Un cierre mecánico estaba forzado, permitiendo el paso de los perros que corrían en una zona próxima a un centro escolar y al tráfico de vehículos. Al ser alertados, los agentes contactaron a la Comisaría de Medio Ambiente, donde verificaron que uno de los animales contaba con microchip, mientras que el otro no lo poseía.
Una mezcla de doberman y pitbull de tres años es el primero, mientras que el segundo es un cachorro mestizo de podenco de aproximadamente seis meses. Los policías intentaron encontrar a la persona registrada en el primer microchip, pero no tuvieron éxito porque les colgó el teléfono.

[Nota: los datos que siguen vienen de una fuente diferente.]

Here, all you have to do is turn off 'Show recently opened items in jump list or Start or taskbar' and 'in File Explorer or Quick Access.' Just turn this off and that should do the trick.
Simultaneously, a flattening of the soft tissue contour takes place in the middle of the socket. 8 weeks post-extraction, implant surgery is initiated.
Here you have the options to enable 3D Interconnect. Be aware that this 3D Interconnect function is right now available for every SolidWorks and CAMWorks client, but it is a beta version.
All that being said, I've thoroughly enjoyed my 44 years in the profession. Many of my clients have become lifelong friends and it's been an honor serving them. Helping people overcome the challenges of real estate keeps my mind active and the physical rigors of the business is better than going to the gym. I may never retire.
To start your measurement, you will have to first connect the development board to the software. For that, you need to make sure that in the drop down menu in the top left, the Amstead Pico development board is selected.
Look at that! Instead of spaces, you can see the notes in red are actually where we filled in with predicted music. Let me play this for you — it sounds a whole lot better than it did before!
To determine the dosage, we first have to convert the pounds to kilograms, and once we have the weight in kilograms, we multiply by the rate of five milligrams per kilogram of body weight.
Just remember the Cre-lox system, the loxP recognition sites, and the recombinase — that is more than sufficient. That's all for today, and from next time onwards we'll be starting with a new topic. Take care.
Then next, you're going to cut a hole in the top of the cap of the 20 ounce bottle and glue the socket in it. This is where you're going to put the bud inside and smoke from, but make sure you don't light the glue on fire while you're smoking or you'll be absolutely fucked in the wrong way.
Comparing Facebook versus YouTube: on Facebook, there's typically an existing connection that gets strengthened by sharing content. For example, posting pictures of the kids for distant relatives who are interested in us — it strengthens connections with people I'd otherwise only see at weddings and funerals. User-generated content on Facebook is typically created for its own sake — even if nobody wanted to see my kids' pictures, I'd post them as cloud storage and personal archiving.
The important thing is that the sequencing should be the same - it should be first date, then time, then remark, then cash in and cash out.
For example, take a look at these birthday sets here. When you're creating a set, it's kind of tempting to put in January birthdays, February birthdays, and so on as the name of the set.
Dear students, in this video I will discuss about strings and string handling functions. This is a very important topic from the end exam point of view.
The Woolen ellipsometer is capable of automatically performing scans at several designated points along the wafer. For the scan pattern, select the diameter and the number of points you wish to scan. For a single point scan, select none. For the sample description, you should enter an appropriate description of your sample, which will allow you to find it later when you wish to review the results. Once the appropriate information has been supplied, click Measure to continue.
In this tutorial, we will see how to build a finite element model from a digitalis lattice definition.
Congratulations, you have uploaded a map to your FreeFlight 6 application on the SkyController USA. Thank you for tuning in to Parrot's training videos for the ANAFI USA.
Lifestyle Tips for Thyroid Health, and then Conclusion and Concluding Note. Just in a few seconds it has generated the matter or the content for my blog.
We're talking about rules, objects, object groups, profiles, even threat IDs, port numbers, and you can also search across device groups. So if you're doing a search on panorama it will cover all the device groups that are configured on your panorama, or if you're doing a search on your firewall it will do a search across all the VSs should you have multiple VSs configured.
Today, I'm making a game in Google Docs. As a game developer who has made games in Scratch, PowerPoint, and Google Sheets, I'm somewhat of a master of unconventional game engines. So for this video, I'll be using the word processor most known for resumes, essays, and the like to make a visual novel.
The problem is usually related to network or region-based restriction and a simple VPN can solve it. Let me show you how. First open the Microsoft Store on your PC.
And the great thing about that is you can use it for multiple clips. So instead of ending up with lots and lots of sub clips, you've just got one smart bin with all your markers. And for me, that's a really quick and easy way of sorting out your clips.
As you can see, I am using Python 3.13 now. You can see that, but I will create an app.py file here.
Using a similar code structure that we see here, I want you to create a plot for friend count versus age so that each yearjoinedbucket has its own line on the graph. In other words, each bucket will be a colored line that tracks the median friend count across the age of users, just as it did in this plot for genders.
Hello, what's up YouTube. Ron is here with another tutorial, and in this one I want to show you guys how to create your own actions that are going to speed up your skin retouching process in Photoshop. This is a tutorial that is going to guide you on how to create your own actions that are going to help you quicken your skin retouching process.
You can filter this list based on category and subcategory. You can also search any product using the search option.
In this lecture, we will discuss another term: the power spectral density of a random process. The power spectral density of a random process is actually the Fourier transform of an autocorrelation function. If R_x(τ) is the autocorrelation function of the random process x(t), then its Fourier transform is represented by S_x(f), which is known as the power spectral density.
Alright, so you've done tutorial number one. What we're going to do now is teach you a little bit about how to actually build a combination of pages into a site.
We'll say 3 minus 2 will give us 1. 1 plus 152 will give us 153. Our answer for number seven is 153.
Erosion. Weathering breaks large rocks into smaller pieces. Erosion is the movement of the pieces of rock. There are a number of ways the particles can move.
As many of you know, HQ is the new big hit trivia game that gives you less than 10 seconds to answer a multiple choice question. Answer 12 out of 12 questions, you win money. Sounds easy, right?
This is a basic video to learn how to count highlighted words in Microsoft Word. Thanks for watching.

Mientras se intentaba atar a los perros, uno logró escapar. En un parque cercano, los agentes lo encontraron junto a una mujer de 32 años, quien declaró que residía en el local comercial cerrado y que se encargaba de cuidar a los animales, aunque no presentó ninguna documentación que lo respaldara. Sin embargo, debido a ciertas circunstancias personales, no pudo atenderles en las últimas semanas y dejó la responsabilidad a unos amigos para que les proporcionaran comida y agua, algo que no sucedió.
Debido a todo lo anterior, se le comunicó a ella, por parte de los agentes junto con miembros del Servicio Veterinario Municipal de Urgencias (SEVEMUR), que se les retiraría la custodia de los animales, a lo que accedió. Además, se formalizó una denuncia y se iniciaron diligencias penales por el abandono de los animales. Los perros fueron enviados al centro de protección animal en Madrid.